Lo que nació como un sustituto improvisado del chocolate se convirtió en un producto con identidad propia.
Un siglo después, otra crisis volvió a poner a prueba el ingenio italiano. Durante la Segunda Guerra Mundial, el cacao escaseó nuevamente, y el pastelero Pietro Ferrero ideó un dulce compacto hecho de azúcar, avellanas y un toque de cacao. Lo llamó Giandujot y se vendía en bloques que los niños cortaban para colocar sobre el pan.

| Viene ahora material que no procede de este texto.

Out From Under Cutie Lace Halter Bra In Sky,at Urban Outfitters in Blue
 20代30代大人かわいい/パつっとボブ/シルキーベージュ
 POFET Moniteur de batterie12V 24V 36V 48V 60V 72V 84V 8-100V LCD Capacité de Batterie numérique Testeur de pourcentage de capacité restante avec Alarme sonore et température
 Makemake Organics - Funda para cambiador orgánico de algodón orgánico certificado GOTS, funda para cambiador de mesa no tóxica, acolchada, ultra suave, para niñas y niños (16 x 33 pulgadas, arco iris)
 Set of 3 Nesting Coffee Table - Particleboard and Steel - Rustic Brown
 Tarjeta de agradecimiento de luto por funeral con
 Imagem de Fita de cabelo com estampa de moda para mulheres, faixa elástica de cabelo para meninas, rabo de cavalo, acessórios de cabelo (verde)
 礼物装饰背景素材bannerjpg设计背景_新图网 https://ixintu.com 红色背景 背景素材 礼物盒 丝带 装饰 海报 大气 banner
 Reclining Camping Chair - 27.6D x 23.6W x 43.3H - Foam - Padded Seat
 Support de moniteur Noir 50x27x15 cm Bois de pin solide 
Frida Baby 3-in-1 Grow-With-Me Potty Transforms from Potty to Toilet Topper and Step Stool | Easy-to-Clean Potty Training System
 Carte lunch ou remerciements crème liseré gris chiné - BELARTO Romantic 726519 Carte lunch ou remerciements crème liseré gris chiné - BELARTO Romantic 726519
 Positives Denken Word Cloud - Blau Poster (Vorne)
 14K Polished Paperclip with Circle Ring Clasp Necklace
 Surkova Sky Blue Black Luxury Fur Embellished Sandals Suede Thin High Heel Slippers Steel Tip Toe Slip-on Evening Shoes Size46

La verdadera revolución llegó cuando esa pasta se volvió más suave y fácil de untar bajo el nombre de Nutella. Así nació la primera crema de chocolate y avellanas, lista para ser disfrutada. Su éxito fue inmediato, tenía el sabor del chocolate, el aroma de las avellanas tostadas y la consistencia perfecta para untar en una rebanada de pan caliente.
En las décadas siguientes, la receta se perfeccionó; se añadieron aceites vegetales para lograr una textura más tersa, se estandarizó su producción y se amplió su distribución. Lo que había nacido en un pequeño taller piamontés se transformó en un fenómeno global.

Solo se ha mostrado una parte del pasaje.